Señorita Raven yelled, “Sir, let me see your wound.”
“Answer me, dammit. How bad is Draco injured?”
“I can’t detect a pulse, sir.”
The Beast panted. “No pulse.”
“You have a knife in your lower back, sir.”
“Is he dead?”
“No pulse, sir.”

Is he dead?

“He’s gone.”
“Who stabbed me? Who fucking stabbed me?”
“The pregnant woman.”
“A fucking pregnant woman.”
“She threw the knife like she was raised in the goddamn circus.”
The Beast shifted in insult and injury, gritted his teeth, and suppressed his deepening agony as he snapped, “Kill those fuckers. Make sure they’re all fucking dead.”
He screamed, a wounded emperor demanding revenge for the death of a catamite.
Señorita Raven aimed her M16 at the con men, at the pregnant woman, at the man called Scamz. She fired rounds at the fleeing cons and killers, then sent two consecutive grenades, left a duo of beautiful explosions at the base of General Justo José de Urquiza, devastation that hit targets and left Peugeots exploding and creating wicked balls of fire, gruesome flames that heated a chilling night and rose up into the mouth of the winter rain and the brutal darkness. The explosions shook Palermo and lit up the area surrounding the planetarium, gave a wonderful luminance to artificial lakes like it was the glorious Fourth of July in the United States.
Chapter 40
village of death
The winds picked up.
They blew the scent of fresh killings across damp air that smelled like death.

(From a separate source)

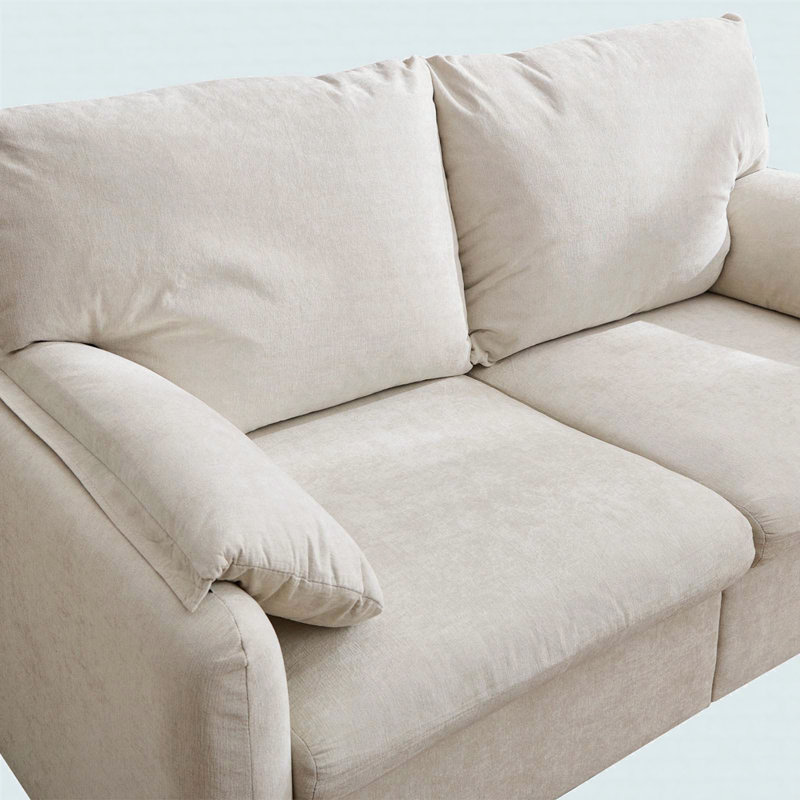 Jax Chenille Upholstered 2-Seater Sofa with Down-Filled Cushions, Beige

Six more Peruvian gunmen had shown up.
Now six more Peruvian gunmen were dead.
They had left their posts in the rain. Men who had assumed only a fool would attack them in weather this bad, so they had taken a break, gone to have
cervezas
and smokes.
I’d put down four, and Shotgun had added two more to his tally.
The shoot-out had cost us three more minutes.
I had to move before more assassins came running.
Had to get up the stairs to the dwelling that had the yellow Daffy Duck poster on its door.
Freezing rain tried to numb my hands as I sloshed through mud that felt like quicksand. Looking for more shooters, I headed up to the second level of a structure made of ten different types of wood, wood from trees, wood from desks, every scrap of wood nailed at odd angles, the heads of some nails sticking out while other nail heads were broken off in a way that left sharp edges of metal sticking out like knives. Shotgun had grabbed the gear I had left behind, my duffel and top clothing, splashed through mud and over the newly deceased, followed me, guarded me, and made sure my heart didn’t get lead poisoning or my brain didn’t experience abrupt ventilation. The music remained deafening, the rain relentless, and the Spanish chatter had risen in volume.